The reason it occurred to me this week is that I found myself having conversations with four separate people I've leaned on during the pandemic. Two were medical professionals, in different fields. Another was an expert in logistics and supply chains. The fourth, a now-retired government official with knowledge of international trade treaties. I'm not naming these individuals here because all my chats were informal and off the record, but they all amounted, in essence, to me asking someone: "Okay, so I think I have this figured out — but do I? Am I missing something important?"
Three out of four times, I was on solid ground. I'd grasped the basics. Hey, 75 per cent ain't bad. But the fourth? I was way off. Total bust. And I was spared public embarrassment thanks to someone taking time out of their day, for free, to tell me how and why I was wrong. Worse than to my own ego, of course, would have been the damage to our public discourse I'd have inflicted on an already fatigued, data-drunk population. There's enough bad information and wild speculation out there already. It would have been mortifying to me and harmful to the public if I'd added to it.

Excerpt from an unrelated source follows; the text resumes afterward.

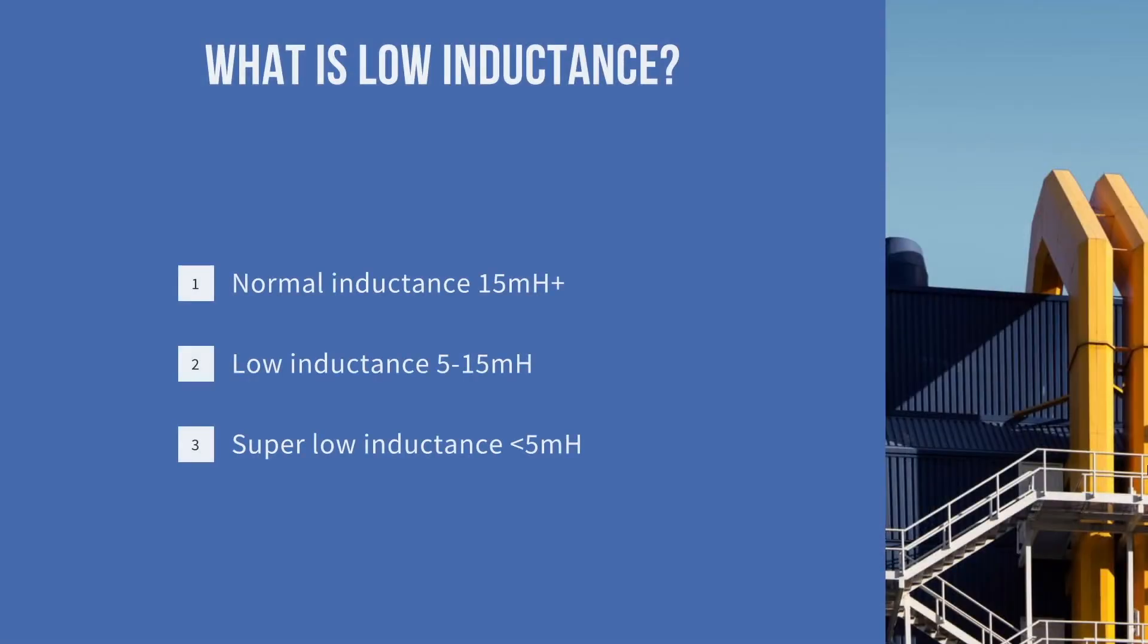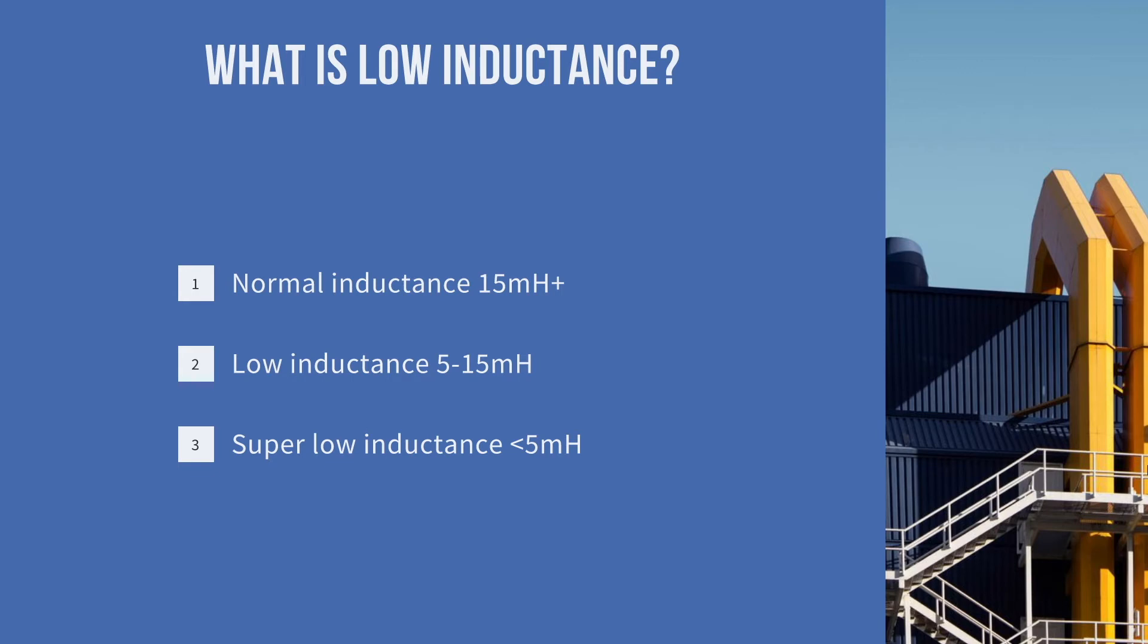What do we mean by low inductance? This isn't an industry recognized definition, but the way we define them is normal inductance 15 microhenry or above, low inductance 5 to 15 microhenry, and then super low inductance which is anything less than that.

Three months ago, I wrote here about the importance of local news. News is always important, but never more so than during a crisis. This week has brought grim news of yet more major cuts to newsrooms in Toronto and Montreal. There are now fewer reporters, producers, and editors doing the necessary work of educating the public than there were just days ago. That means more work for those left, and less time per story. There is simply no way to maintain consistent quality in the face of these relentless personnel losses.
The best way for those of us who are left to make sure we get it right and avoid making society collectively dumber is to count on those who know better, who have been there and done that, to help us understand the nuances of issues we've probably never thought of before. It's not a perfect process. We don't bat a thousand. But we do as well as we do thanks to the unpaid labour of a dizzying array of experts volunteering their time. They don't get the credit or the recognition they deserve.